Oct 18, 2024 15 min read

Big Blue

Serguei Mourachov, Slack co-founder and Principal Engineer, circa 2017. The numbered balloons at people’s desks were a tradition that marked years of service at the company.

How IBM helped us find our big-company footing

The daily, slow-motion avalanche

The message servers were down. Again.

The #alerts channel lit up with dozens of error reports and outage notifications. Our Operations team scrambled to add capacity and resurrect the dead servers. It was just before 9 in the morning on the west coast. Most of the engineers hadn’t even finished their morning coffee.

It was the third outage of the week. It was Wednesday.

“There are too many users connecting. We must stop connections until we recover.” This was a message in #ops from Serguei Mourachov, co-founder of both Slack and Flickr. Unlike Stewart and Cal who led the company, Serguei kept his focus on building and maintaining the backbone of the service. He was the de facto chief engineer of what was affectionately known as our Java Industrial Complex — the unseen java servers relaying real-time traffic across the service.

Serguei was right — things would continue to get worse, perhaps taking the entire service down, if we didn’t take immediate action. Millions of people were using the product at this point, with many of them connecting every weekday around 9am eastern time or 9am pacific time. At these times of day, our servers were near their peak capacity. This was usually fine. However, when these peak times coincided with anything else that added demand, everyone’s experience on Slack would suffer.

*A typical daily usage graph for Slack from this period, with “twin peaks” when the east and west coasts of North America logged on each morning.*

On this particular Wednesday, that added demand came from a message in a channel with 100,000 members, the largest channel on Slack at the time. Someone sent a message prefixed with the special @channel keyword, which meant that all 100,000 people in that channel would get a notification for it. That in turn meant that some large-ish percentage of those 100,000 people would follow the notification to the channel and connect to Slack, more or less simultaneously.

Connecting each person to Slack was no small task. We needed to fetch a list of each user’s channels and direct messages, figure out when the user had last read each one and retrieve new messages they hadn’t yet seen, get a fresh set of “presence” information for all the other users in that team (the 🟢 and ⚪️ online/away dots), compute a bunch of preferences and other sundry bits, package it all up in a tidy format that our apps could use, and send it along to the user’s client.

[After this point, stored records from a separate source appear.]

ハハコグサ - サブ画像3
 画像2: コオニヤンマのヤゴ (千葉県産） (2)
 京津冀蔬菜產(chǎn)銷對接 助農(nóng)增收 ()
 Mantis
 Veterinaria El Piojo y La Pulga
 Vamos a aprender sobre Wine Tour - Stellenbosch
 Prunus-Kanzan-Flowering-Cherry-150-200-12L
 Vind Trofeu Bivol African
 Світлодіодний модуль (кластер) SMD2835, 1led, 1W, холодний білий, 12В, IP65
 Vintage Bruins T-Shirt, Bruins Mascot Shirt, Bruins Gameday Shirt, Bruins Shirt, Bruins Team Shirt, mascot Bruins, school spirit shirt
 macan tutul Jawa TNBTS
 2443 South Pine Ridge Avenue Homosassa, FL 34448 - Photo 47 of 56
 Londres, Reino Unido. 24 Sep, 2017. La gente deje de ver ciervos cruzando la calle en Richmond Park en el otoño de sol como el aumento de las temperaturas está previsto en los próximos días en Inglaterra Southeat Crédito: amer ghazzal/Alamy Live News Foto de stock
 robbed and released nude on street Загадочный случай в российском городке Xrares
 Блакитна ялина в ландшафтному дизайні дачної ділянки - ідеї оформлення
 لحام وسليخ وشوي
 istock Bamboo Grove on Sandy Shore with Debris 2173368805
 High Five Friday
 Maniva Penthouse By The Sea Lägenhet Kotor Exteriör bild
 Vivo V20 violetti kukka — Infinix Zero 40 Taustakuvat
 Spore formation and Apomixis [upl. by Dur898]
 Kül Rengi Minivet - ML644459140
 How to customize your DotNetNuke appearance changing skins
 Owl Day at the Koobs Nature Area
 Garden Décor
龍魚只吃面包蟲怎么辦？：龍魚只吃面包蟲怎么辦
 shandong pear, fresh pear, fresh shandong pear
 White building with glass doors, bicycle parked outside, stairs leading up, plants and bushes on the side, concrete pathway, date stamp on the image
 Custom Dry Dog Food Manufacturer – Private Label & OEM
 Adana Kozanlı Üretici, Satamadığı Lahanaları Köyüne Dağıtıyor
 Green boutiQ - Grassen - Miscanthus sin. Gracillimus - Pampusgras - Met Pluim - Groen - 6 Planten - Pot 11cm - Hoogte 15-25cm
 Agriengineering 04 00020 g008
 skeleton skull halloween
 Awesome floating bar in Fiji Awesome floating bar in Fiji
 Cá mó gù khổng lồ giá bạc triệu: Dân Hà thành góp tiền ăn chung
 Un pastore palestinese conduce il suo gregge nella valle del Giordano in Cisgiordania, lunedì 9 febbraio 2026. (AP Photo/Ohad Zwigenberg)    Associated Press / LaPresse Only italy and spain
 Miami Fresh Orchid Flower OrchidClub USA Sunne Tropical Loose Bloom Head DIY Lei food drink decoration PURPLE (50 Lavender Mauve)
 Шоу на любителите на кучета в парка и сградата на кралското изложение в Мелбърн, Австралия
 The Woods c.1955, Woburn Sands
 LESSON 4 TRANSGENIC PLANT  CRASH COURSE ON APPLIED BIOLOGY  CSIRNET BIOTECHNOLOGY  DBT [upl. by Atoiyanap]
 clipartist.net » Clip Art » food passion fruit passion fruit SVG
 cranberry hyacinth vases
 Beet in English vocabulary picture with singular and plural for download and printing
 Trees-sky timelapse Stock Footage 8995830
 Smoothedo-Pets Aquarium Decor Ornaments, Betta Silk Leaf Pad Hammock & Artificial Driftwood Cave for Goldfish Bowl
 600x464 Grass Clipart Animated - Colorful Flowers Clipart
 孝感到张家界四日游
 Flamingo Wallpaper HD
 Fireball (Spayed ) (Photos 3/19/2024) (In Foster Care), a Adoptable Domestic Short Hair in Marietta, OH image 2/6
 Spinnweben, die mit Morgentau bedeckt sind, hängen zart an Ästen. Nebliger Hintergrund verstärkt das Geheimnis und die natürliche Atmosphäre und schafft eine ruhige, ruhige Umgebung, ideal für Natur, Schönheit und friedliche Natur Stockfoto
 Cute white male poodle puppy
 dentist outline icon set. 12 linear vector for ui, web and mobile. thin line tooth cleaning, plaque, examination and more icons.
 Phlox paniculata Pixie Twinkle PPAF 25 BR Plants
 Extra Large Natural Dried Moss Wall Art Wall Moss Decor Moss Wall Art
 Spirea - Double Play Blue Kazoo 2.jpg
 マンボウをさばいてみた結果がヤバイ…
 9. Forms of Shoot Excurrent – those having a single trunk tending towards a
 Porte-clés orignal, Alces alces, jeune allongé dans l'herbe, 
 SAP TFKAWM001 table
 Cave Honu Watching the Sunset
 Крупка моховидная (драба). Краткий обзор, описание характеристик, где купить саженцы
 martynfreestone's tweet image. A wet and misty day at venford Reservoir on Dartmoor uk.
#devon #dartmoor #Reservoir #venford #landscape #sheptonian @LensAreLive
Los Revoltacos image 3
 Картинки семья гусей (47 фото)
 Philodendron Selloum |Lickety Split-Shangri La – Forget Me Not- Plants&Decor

The more information there was for us to retrieve for each connecting user, the more each new connection increased load on the service. Under the pressure of too many new connections demanding too much information, Slack’s servers would overload and stop responding to requests. However, new users kept trying to connect while the ones who were trying to connect were still trying.

If our message servers went fully down during an outage, we had a new problem when they came back up — everyone would try to reconnect all at once. This is known in networked software as the “thundering herd” problem. After a period of unavailability, Slack’s message servers would be inundated with requests and couldn’t handle all the traffic, causing them to go down again. This often led to cascading failures across the service. The stampede trampled us each time we stood a server back up.

We were getting buried. The slow-motion avalanche falling on us kept building every day.

How we got here

An early key to Slack’s success was how easy it was for a team inside a big company to start using it. Our freemium model and web-based client sidestepped the traditional gatekeepers for corporate software: accounting and IT. Slack’s users didn’t need to get permission to buy or install any software to get started. Anyone could go to slack.com, set up a team, and within a few minutes start using Slack with their colleagues. This meant a lot of our early teams were small groups or departments within much bigger companies.

A very early assessment of our scaling issues from cofounder Eric Costello.

We experienced a constant but manageable stream of scaling issues in our first three years. We could quickly address most of these issues in standard, not-unique-to-Slack ways: adding more servers, finding slow database queries to speed up, offloading work to a cache, etc. However, as more large companies started using Slack, we started running into scaling problems that were uniquely ours, because nothing else worked quite like Slack.

The trickiest issues were the aspects of the product that had to scale geometrically. A team of 10,000 has a far higher number of possible DMs (not to mention Group DMs) than a team of 1,000. Each presence change for a person on that team is amplified across every other connected user. And so on. We could plan for this when it came to scaling our server infrastructure, but it was harder to predict how demand for server resources would interact and affect each other. Systems that were once merely complicated became complex.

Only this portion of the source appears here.